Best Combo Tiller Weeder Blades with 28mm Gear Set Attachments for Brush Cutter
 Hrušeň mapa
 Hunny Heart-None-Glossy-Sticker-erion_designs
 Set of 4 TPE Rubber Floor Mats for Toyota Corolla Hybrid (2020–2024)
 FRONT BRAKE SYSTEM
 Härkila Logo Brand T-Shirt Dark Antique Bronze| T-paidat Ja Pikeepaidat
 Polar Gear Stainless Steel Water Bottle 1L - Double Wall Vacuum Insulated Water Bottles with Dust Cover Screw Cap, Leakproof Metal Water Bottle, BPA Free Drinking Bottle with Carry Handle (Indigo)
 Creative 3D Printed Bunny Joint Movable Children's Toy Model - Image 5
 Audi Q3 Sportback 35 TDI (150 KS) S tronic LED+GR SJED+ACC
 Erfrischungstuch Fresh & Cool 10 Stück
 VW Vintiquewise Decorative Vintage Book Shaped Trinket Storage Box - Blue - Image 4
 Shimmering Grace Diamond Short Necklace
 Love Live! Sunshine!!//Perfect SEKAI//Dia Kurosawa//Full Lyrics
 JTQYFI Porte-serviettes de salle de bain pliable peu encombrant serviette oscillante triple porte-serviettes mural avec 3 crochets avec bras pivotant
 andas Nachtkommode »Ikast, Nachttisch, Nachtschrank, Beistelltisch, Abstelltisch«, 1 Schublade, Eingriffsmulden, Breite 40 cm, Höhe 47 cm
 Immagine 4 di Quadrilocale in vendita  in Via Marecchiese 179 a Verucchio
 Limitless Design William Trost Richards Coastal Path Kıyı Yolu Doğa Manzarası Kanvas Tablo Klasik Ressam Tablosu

════

For the word "Image", count the lines of the data that contain it and give only the count.

» Result:
2